Sourced from http://modernmusclecars.net/forums/a...o=riceboyrules,

The Riceboy Rules
by: Matt Cramer

Have you ever wanted to argue with muscle car owners and assert the superiority of your own car, but found this to be difficult because you had a slow car, relatively little automotive knowledge, and underdeveloped communications skills? Well, now you can still get V8 owners angry anyway, by following these simple rules which cover most of the situations you may find yourself in during online or face to face arguements.


1. Image
Remember, your image is extremely important as a riceboy. Therefore, make every effort to point out how popular the rice scene is. Appeal to how many people are building cars like yours. Brag about how the import scene is more than just a trend; it's a revolution. The urge to conform is a powerful force, and use it to your advantage whenever possible.


2. Opinions
In a debate, your opinions count as much as real facts.
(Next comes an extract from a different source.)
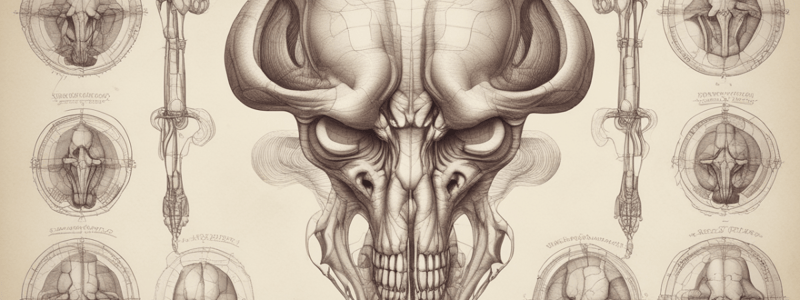 FEMALE REPRODUCTIVE SYSTEM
If you think that Mustangs are ugly, that counts for just as much against them as being a whole second faster in the quarter mile. Remember, facts take time to look up, whereas opinions only take seconds to dream up.


3. Horsepower
To estimate your own car's horsepower, take the stock hp rating, and add in the highest estimated power gain from each mod you have done. To estimate the horsepower of an American car, take its stock horsepower rating, and deduct 10 to 25 hp for it being a POS. Make no adjustments for mods. Remember, Japanese horsepower is better quality than the horsepower found in an American car. If you don't know how much horsepower an American car has, assume it has either 30 hp per liter, or 200 hp, whichever is less. If you only have the engine size in cubic inches and don't know how to convert it to liters, make up for this by talking about how much English units suck.
You can never emphasize hp/liter ratios too much. Always brag about how this is more efficient, and just ignore ignorant comments like, "Well, the S2000 makes 120 hp per liter, but it guzzles gas like a V8!" People who make these comments just don't understand that Japanese cars are always more efficient just because they are Japanese, and Japanese have more efficient technology. If somebody reminds you that your car still has less horsepower, talk about what would happen if Honda built a V8 with the same specific output as a Type R, or about what kind of performance a Mustang would have if it had only half the engine size. Some domestic trivia buffs may be able to come up with examples of small, high performance American engines. Just ignore these remarks; you're not likely to win if you try arguing about such cars. Concentrate on V8's instead.


4. Weight
Assume all imports weigh approximately 2,500 lbs, including Eclipses and Supras. Extremely lightweight cars like the CRX and Miata are exceptions. These should be assumed to weigh under 2,000 lbs. Assume all domestics weigh over 3,200 lbs at least, preferably over 3,800 lbs. The exceptions are really huge cars, such as the Chevy Impala or Crown Vics. These land yachts should be assumed to weigh over 5,000 lbs. If a domestic owner mentions something which you have no choice but to admit can't weigh that much, make fun of whatever POS he's come up with, and claim nobody in his right mind would want to be seen in something so ugly. See section 8, Pintos.
Never, ever actually look up the curb weight of a car. If you make up your own weight figures, you can make the difference in weight look all that much more impressive. Constantly brag about power to weight ratios and how imports are better in that respect, even if somebody does the math and proves that many stock domestics have better power to weight ratios than your car.


5. Handling
Japanese cars handle better than American ones, and small FWD American cars handle better than pony cars. This is to be taken as an article of faith; you don't need any evidence to claim this, and shouldn't bother trying to bring up any evidence. Most domestic owners are primarily concerned with drag racing, so they seldom study enough about handling to argue this point. If someone does attempt to argue this, reply with some mumbo jumbo about how solid axles date back to the days of horse drawn wagons, and leave it at that. Do this even if your own car has a solid axle rear suspension. Also emphasize that light weight means better handling. See section 4, Weight. Emphasize that a large V8 up front makes for poor weight distribution, and neglect the fact that FWD cars frequently have even worse weight distribution.


6. Milage
Brag about how much more mileage your car gets as often as possible. This is one area where you can be relatively certain your car performs better than muscle cars. The fact that muscle car owners usually don't care too much about mileage doesn't matter. Some may be content to get 25 mpg or so with a modern fuel injected pony car, so claim without proof that their cars really get 16 mpg or worse. Assume that older big block muscle cars get less than one mile per gallon. Always use city mileage estimates for domestics, and highway mileage estimates for imports, to make the gap seem as large as possible.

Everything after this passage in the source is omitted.